Já abordei esses conceitos de forma bem didática em um livro que tomo a liberdade de recomendar enfaticamente: Educação como exercício do poder: crítica ao senso comum em educação. Voltemos brevemente a essas noções.

Autoridade como relação é uma ação política, porque envolve a convivência entre sujeitos (isto é, seres que se orientam por sua vontade autônoma). Mas não é (não pode ser) uma ação autoritária. O autoritarismo, em vez disso, consiste no abuso da autoridade: um sujeito prevalece sobre o outro, que tem sua subjetividade (condição de sujeito) violada. Na relação de autoridade, em vez disso, dois sujeitos convivem de modo a afirmar a subjetividade de cada um. Faz-se, portanto, uma relação democrática, ou seja, uma convivência entre sujeitos que se afirmam como tais. Como ação política, a autoridade supõe que uma parte tem sucesso em levar a outra a agir de acordo com sua vontade (isto consiste, em seu sentido mais sintético e abstrato, no que chamamos poder político). Na relação de autoridade, entretanto, isso não se dá pela força ou pelo desrespeito à vontade do outro, como no autoritarismo. A autoridade supõe que o outro consente livremente em seguir a vontade daquele a quem vê como detentor legítimo de autoridade.

O mais importante é que a autoridade assim entendida é imprescindível para o êxito da ação educativa. Se está pedagogicamente comprovado que o educando só aprende se quiser, então, é condição sine qua non do aprendizado que o aprendente aceite o poder que o educador exerce ao ensinar-lhe. Significa que ele tem de ser livre para aceitar o poder, o que redunda, necessariamente, numa relação de autoridade, não de autoritarismo.

O correlato da autoridade é a liberdade. Mas liberdade não se confunde com mera licença para agir e fazer o que lhe vai pela cabeça, sem nenhuma regra social de procedimento. Isto se chama espontaneísmo, pertencente ao domínio da natureza, não da história. Na natureza não há liberdade no sentido humano-histórico, porque liberdade não é apenas estar solto, com licença para fazer o que manda seu interesse, seus desejos e instintos, sem levar em consideração os demais seres com quem você convive. Dessa maneira agem os animais, que não dispõem de valores e normas (construídos historicamente) para seguirem. Costumamos dizer que o pássaro é livre para voar. Na verdade, isso significa apenas que ele está solto: o voar dele não se inscreve no domínio da liberdade no sentido humano-histórico que empregamos aqui. Ele não tem poder de opção: ele voa necessariamente, naturalmente. Livre para voar só o homem, que produziu historicamente (a partir de sua vontade e de seu trabalho), essa opção.
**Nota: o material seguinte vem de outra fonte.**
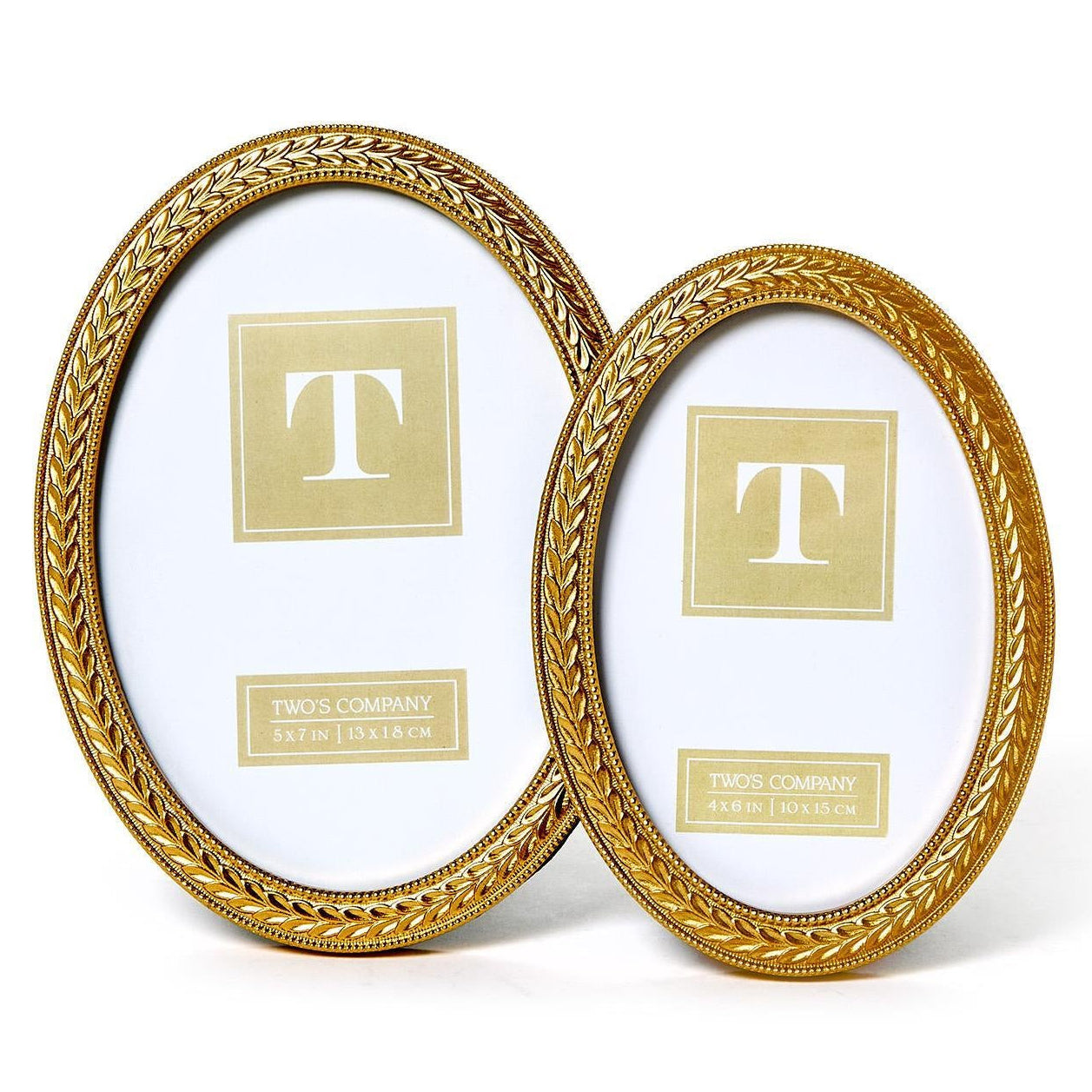 Laurel Wreath Gold Oval Photo Frame Set of 2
Liberdade, pois, não se confunde com licença. Esta, na verdade, constitui um dos correlatos do autoritarismo, porque, a pretexto de deixar o indivíduo “livre” (no sentido natural, espontaneísta), se está, a rigor, reforçando sua condição de não sujeito, de ser preso apenas à natureza e aos instintos daí herdados. Criar uma criança assim, portanto, não é educá-la, nem proporcionar-lhe liberdade, antes é fazê-la crescer como simples animalzinho. Fazê-la humana, ou seja, sujeito, é proporcionar-lhe meios de despregar-se o mais possível da necessidade natural. A liberdade é, pois, artificial. Não no sentido pejorativo, mas no sentido de que ela é feita pelo homem, intencional e praticamente (materialmente), ao fazer-se livre (histórico). É, pois, um artifício (uma construção) da História. Liberdade é a transcendência da necessidade, daquilo que necessariamente acontece.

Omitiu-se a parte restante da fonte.